Felix toll rises to 98
Two days after the storm hit, dozens more bodies were recovered along the Miskito coastline that stretches across the Nicaragua-Honduras border.
The US, Honduran and Nicaraguan soldiers searched remote jungle beaches and the open sea on Wednesday for survivors and cadavers after Hurricane Felix claimed at least 98 lives, many of them Miskito Indians who died fleeing the Category 5 storm.
Two days after the storm hit, dozens more bodies were recovered along the Miskito coastline that stretches across the Nicaragua-Honduras border, including at least 44 indigenous fishermen whose bodies were found floating at sea, emergency officials said.
Abelino Cox, a spokesman for the Regional Emergency Committee, said the death toll from Felix had risen to at least 98, including two people who died in the village of Sing Sing, 60 kilometers (40 miles) north of Puerto Cabezas.

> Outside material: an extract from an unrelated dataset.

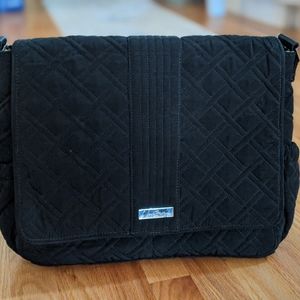 Vera Bradley Black Quilted Diaper Bag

The storm also completely destroyed the ethnic Zumo and Mayagna Indian community of Awastingni, located 90 kilometers (55 miles) northwest of Puerto Cabezas, Cox said. Fourteen members of the community were missing. "This is horrifying," said committee official Brooklin Rivera, who lives in the area.
Felix damaged or destroyed 8,000 houses in and around Puerto Cabezas and 18,000 Nicaraguans are living in shelters, civil defence officials said.
Earlier on Thursday, rescuers found at least 25 bodies floating in waters off Honduras' coast and another 32 people were still missing after their village was destroyed and the boats they fled on capsized. Some 52 survivors washed ashore or were found clinging to debris.